1 15-ounce can pumpkin

2/3 cup water

4 eggs

3 1/3 cups flour

2 teaspoons baking soda

1 ½ teaspoons salt

1 teaspoon cinnamon

1 teaspoon nutmeg

½ teaspoon baking powder

2/3 cup chopped nuts

2/3 cup raisins


Heat oven to 350 degrees F. Grease two loaf pans, 9 x 5 x 3 inches.

Mix sugar and butter in a large mixing bowl. Add pumpkin, water and eggs. Stir in flour, baking soda, salt, cinnamon, nutmeg and baking powder. Add nuts and raisins.

Pour into pans and bake 70 minutes, until a wooden pick inserted in center comes out clean. Cool pans on a wire rack about 10 minutes, then gently loosen the loaves from the pan with a sharp knife or spatula. Remove from pans and let cool before slicing.











Homemade Beef Stew

Beef stew is comfort food at its finest. The ordinary ingredients meld together into a satisfying, savory meal. The types of vegetables and herbs can be altered, resulting in endless variations of this classic recipe. The following recipe serves 4; if you’re expecting more people, the ingredients can be doubled, tripled, etc. so everyone can enjoy a bit of good ole, down-home cooking.


6 tablespoons vegetable oil, divided

1/2 cup flour

¼ teaspoon black pepper

2 pounds beef stew meat, cut into 1-inch cubes

1 onion, peeled and diced

3 garlic cloves, peeled and minced

1 cup carrots, peeled and sliced

1 cup celery, sliced

2 tablespoons red wine vinegar

1 cup red or white wine

4 cups beef broth

3 bay leaves

1 tablespoon fresh or 1 teaspoon dried herbs (oregano, thyme, savory, etc.)

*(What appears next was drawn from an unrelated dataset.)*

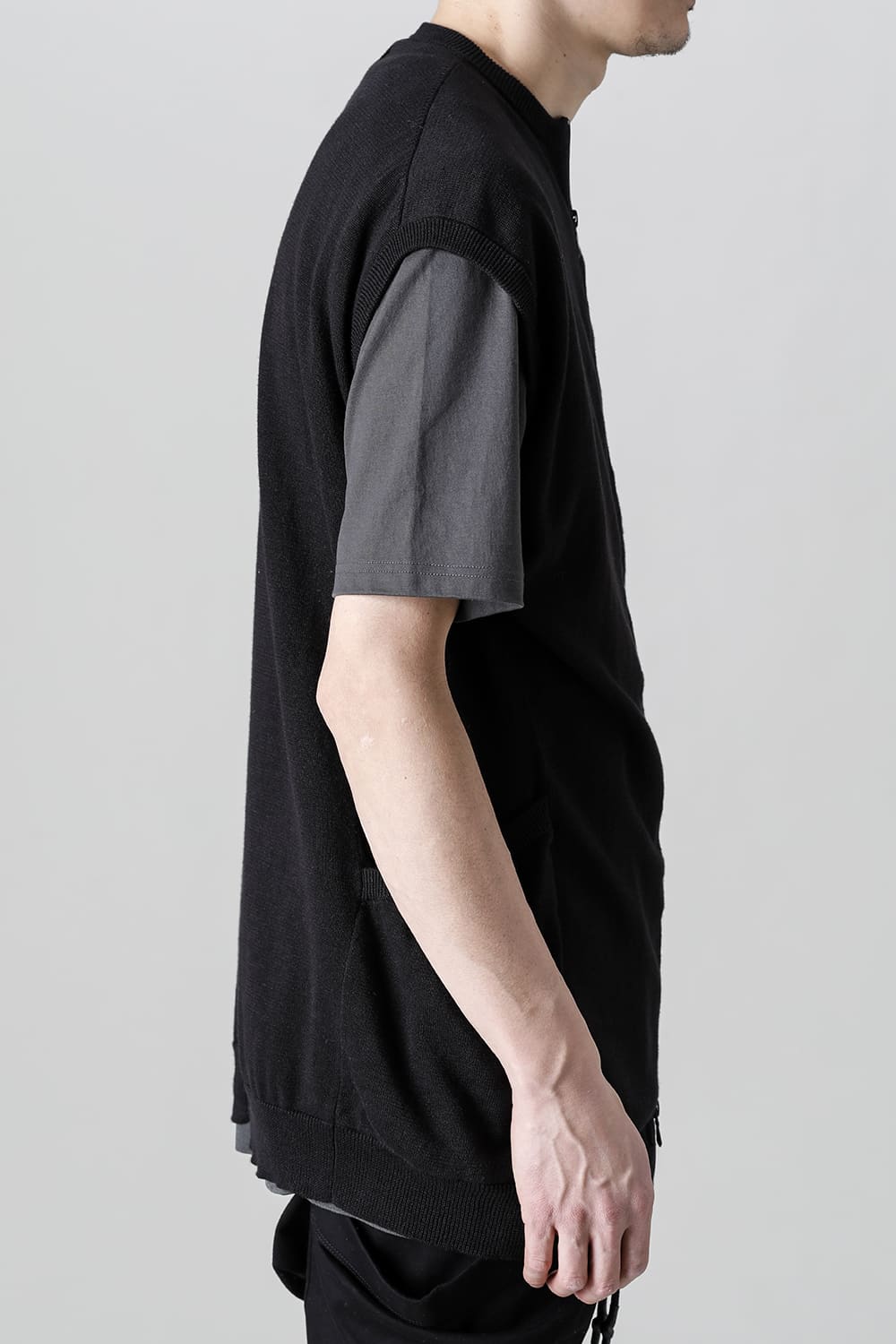Knit Jersey Vest Black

2 large baking potatoes, peeled and diced

A few sprigs of fresh parsley, chopped

Salt and pepper, as needed


Heat 3 tablespoons oil in a large pot over medium-high heat.

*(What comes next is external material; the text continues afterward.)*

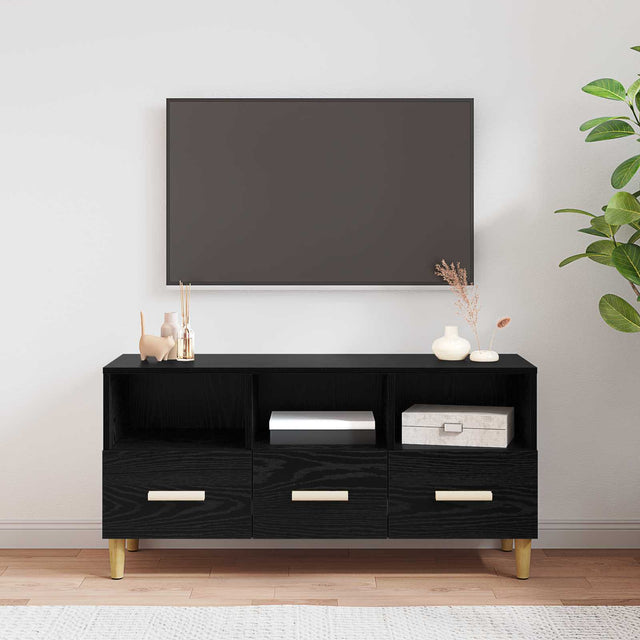 Vidaxl tv-kast 102 x 36 x 50 cm zwart eiken bewerkt hout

Combine flour and pepper in a small bowl. Dredge the meat in the flour/pepper mixture. Sear a little meat at a time in the hot oil, turning the pieces until meat is browned on all sides; remove meat from pot. Add more oil as needed between each batch of meat.

In the same pot, sauté the onions, garlic, carrots and celery on medium-high heat. Remove vegetables from pot.

Deglaze the pot with red wine vinegar and wine, scraping bottom of pot with a spatula. Add beef broth, bay leaves and herbs. Add the meat and the vegetables to the pot, and bring to a boil. Reduce heat, cover and simmer for about an hour-and-a-half, stirring often, until the meat is fork-tender. Add the potatoes; cover and simmer about 30 minutes, until potatoes are tender. Add parsley and season with salt and pepper, as needed. Ladle into bowls and serve. Tip: Serve with warm, crusty bread and butter.